══ RAW DATA

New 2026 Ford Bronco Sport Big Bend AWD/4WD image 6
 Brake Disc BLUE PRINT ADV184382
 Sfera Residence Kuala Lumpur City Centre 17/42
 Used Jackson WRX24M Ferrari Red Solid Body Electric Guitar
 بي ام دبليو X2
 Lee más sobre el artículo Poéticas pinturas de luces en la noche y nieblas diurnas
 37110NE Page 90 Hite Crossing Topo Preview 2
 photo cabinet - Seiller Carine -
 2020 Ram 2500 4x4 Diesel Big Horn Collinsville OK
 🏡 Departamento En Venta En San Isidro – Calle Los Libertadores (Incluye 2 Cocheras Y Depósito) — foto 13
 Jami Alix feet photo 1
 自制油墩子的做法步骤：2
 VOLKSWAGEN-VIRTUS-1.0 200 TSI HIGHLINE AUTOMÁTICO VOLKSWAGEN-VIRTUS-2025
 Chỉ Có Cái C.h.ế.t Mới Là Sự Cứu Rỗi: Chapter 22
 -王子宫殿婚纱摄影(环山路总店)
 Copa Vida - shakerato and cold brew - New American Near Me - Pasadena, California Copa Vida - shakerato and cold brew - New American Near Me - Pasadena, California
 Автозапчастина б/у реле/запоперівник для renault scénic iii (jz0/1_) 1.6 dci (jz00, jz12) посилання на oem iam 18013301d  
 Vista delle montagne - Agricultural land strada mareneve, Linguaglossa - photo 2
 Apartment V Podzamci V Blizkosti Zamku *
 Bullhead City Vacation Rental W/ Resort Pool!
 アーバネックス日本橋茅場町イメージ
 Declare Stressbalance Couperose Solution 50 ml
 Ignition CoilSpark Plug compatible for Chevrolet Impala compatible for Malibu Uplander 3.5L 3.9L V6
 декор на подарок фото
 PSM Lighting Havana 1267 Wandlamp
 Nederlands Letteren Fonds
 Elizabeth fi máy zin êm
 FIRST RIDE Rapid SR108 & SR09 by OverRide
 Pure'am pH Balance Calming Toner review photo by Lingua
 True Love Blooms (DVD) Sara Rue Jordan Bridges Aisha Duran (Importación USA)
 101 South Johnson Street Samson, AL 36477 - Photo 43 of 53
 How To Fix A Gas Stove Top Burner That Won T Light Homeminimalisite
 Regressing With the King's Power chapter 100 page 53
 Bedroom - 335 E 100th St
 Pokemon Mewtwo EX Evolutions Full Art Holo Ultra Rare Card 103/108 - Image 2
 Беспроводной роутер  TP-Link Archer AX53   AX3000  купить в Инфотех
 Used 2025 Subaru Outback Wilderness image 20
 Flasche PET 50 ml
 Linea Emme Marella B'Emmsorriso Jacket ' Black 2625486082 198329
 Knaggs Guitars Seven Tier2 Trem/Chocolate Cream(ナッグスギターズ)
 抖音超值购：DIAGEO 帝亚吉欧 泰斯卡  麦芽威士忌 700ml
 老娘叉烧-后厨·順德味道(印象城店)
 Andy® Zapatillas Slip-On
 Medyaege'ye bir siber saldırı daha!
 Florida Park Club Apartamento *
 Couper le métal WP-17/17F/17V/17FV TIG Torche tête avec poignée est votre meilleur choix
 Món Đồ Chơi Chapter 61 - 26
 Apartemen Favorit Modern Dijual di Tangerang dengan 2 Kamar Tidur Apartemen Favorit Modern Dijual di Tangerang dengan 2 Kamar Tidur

════

• _ASSIGNMENT_: Repeat exactly the lines from the one containing "Flasche PET 50 ml" through the last line of the records above, both included, and nothing else.

• _SOLUTION_:
 Flasche PET 50 ml
 Linea Emme Marella B'Emmsorriso Jacket ' Black 2625486082 198329
 Knaggs Guitars Seven Tier2 Trem/Chocolate Cream(ナッグスギターズ)
 抖音超值购：DIAGEO 帝亚吉欧 泰斯卡  麦芽威士忌 700ml
 老娘叉烧-后厨·順德味道(印象城店)
 Andy® Zapatillas Slip-On
 Medyaege'ye bir siber saldırı daha!
 Florida Park Club Apartamento *
 Couper le métal WP-17/17F/17V/17FV TIG Torche tête avec poignée est votre meilleur choix
 Món Đồ Chơi Chapter 61 - 26
 Apartemen Favorit Modern Dijual di Tangerang dengan 2 Kamar Tidur Apartemen Favorit Modern Dijual di Tangerang dengan 2 Kamar Tidur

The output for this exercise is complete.